◆ **EXERCISE DIRECTIONS**
A word-for-word copy of the data, with no images, is the required answer.
*** Opening of INPUT FOR THIS TASK ***
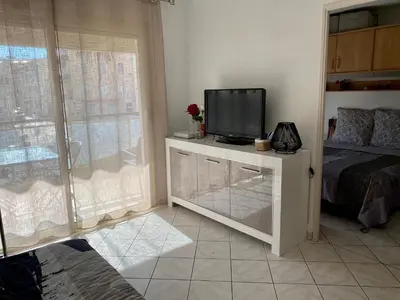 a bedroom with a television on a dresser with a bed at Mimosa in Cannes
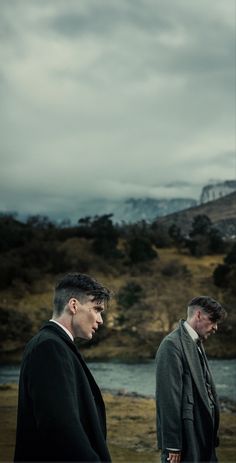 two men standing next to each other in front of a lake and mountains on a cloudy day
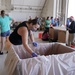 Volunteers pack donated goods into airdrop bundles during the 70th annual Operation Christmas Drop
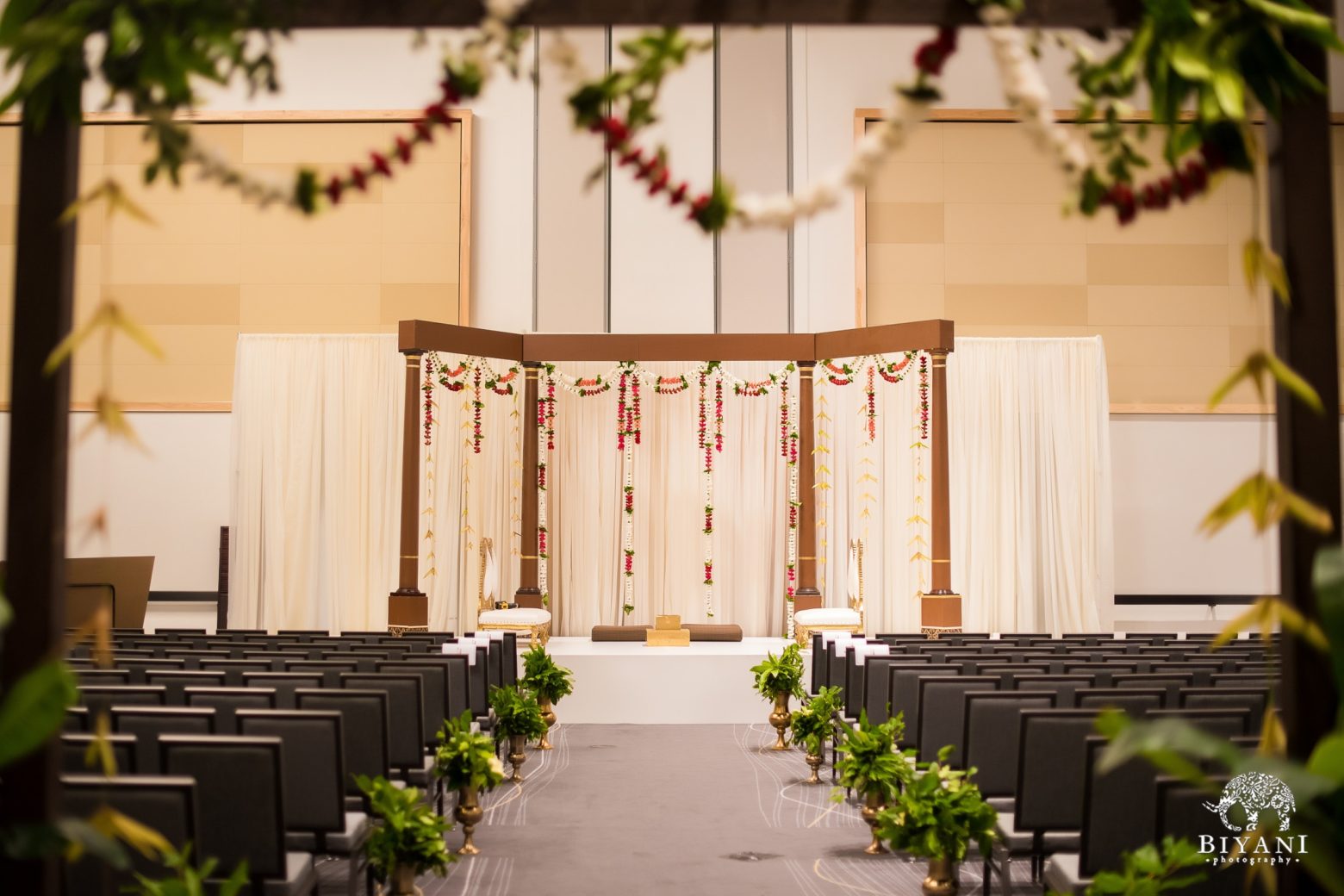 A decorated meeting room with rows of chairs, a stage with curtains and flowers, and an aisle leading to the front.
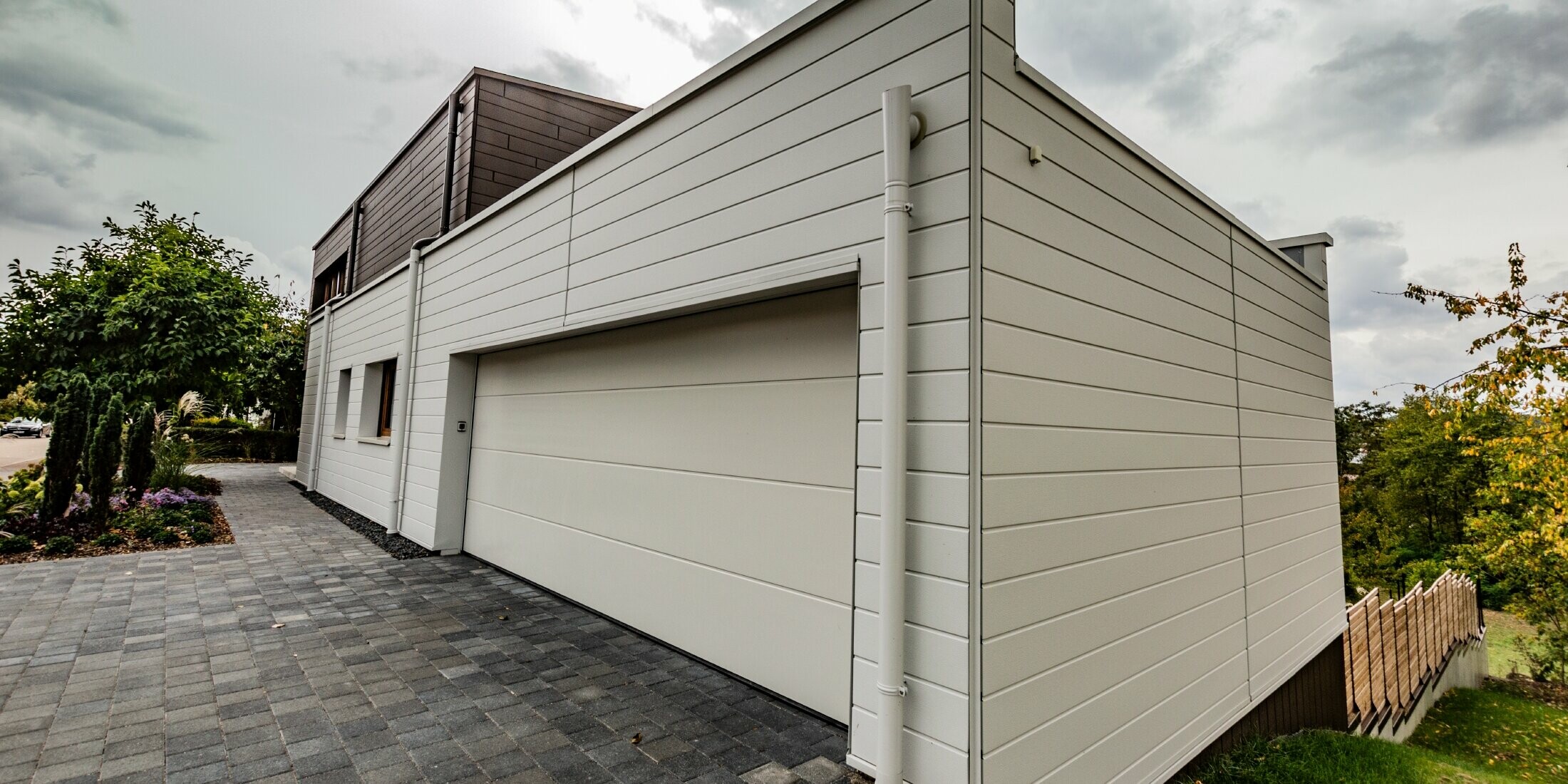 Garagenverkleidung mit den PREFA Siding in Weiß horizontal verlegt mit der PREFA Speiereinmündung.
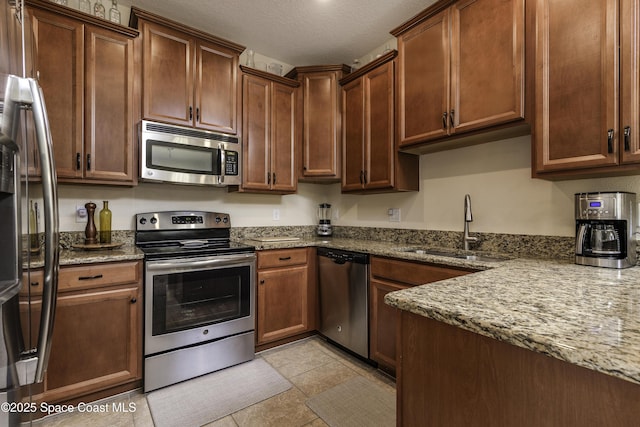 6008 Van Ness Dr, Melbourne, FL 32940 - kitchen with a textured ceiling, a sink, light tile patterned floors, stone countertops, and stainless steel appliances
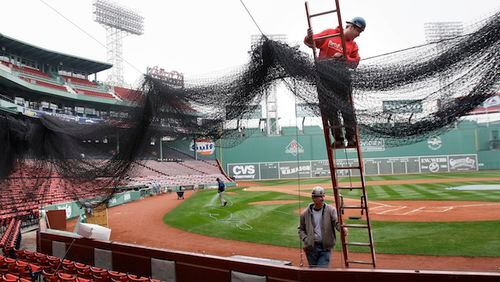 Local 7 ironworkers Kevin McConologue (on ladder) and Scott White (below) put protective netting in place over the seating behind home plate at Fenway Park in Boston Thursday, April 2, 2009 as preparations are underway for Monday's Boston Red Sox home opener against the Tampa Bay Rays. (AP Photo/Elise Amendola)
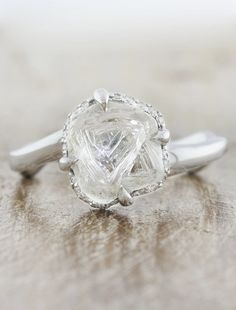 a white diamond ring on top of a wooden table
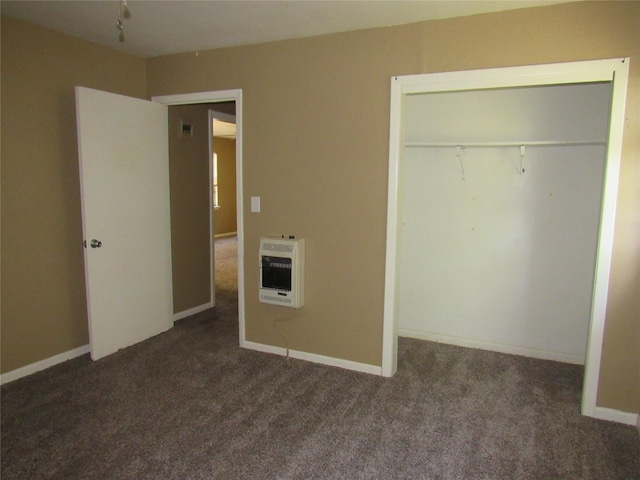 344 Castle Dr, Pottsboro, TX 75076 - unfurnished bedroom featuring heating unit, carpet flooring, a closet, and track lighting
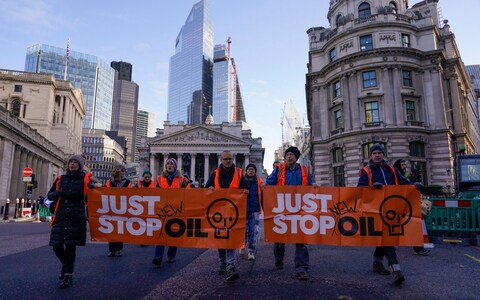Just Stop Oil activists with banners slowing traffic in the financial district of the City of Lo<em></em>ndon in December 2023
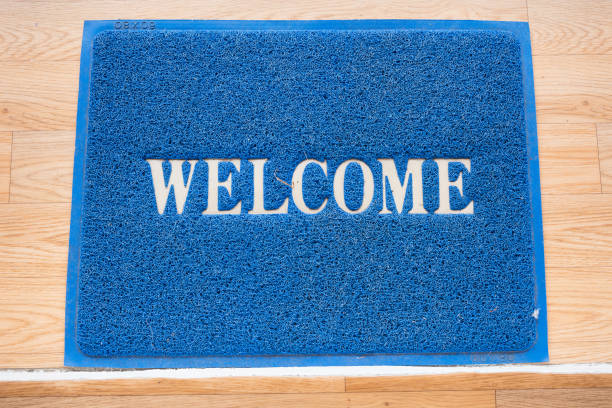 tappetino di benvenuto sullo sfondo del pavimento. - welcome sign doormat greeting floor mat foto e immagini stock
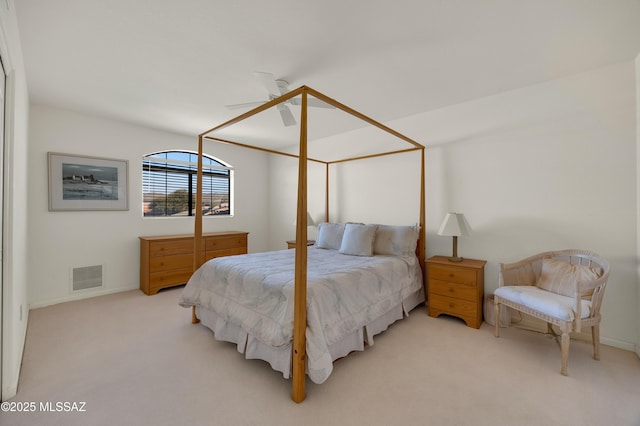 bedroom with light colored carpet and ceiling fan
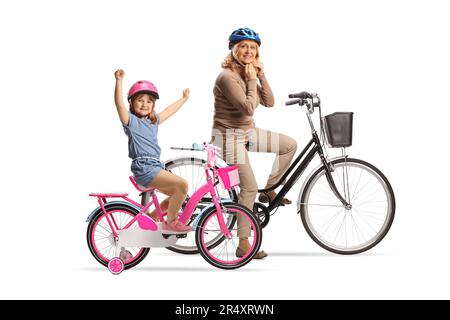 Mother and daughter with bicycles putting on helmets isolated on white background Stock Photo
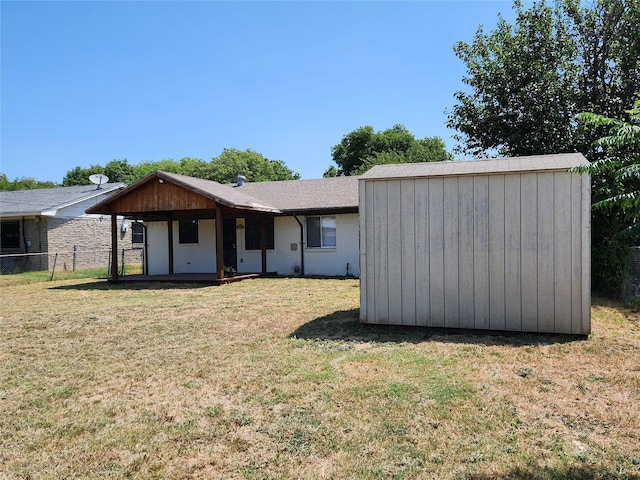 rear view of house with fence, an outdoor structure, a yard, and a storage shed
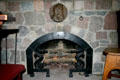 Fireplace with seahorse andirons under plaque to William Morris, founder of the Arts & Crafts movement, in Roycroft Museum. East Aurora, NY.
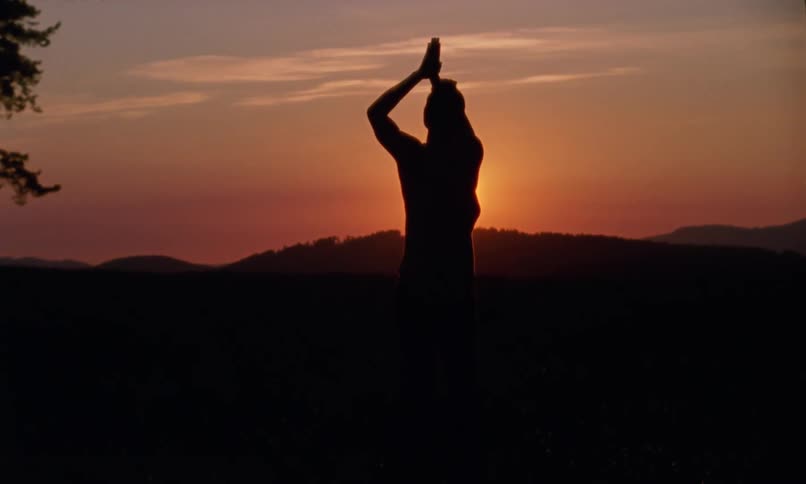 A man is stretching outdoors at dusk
*** Close of INPUT FOR THIS TASK ***
◆ **WRITTEN RESPONSE**
 a bedroom with a television on a dresser with a bed at Mimosa in Cannes
 two men standing next to each other in front of a lake and mountains on a cloudy day
 Volunteers pack donated goods into airdrop bundles during the 70th annual Operation Christmas Drop
 A decorated meeting room with rows of chairs, a stage with curtains and flowers, and an aisle leading to the front.
 Garagenverkleidung mit den PREFA Siding in Weiß horizontal verlegt mit der PREFA Speiereinmündung.
 6008 Van Ness Dr, Melbourne, FL 32940 - kitchen with a textured ceiling, a sink, light tile patterned floors, stone countertops, and stainless steel appliances
 Local 7 ironworkers Kevin McConologue (on ladder) and Scott White (below) put protective netting in place over the seating behind home plate at Fenway Park in Boston Thursday, April 2, 2009 as preparations are underway for Monday's Boston Red Sox home opener against the Tampa Bay Rays. (AP Photo/Elise Amendola)
 a white diamond ring on top of a wooden table
 344 Castle Dr, Pottsboro, TX 75076 - unfurnished bedroom featuring heating unit, carpet flooring, a closet, and track lighting
Just Stop Oil activists with banners slowing traffic in the financial district of the City of Lo<em></em>ndon in December 2023
 tappetino di benvenuto sullo sfondo del pavimento. - welcome sign doormat greeting floor mat foto e immagini stock
 bedroom with light colored carpet and ceiling fan
 Mother and daughter with bicycles putting on helmets isolated on white background Stock Photo
 rear view of house with fence, an outdoor structure, a yard, and a storage shed
 Fireplace with seahorse andirons under plaque to William Morris, founder of the Arts & Crafts movement, in Roycroft Museum. East Aurora, NY.
 A man is stretching outdoors at dusk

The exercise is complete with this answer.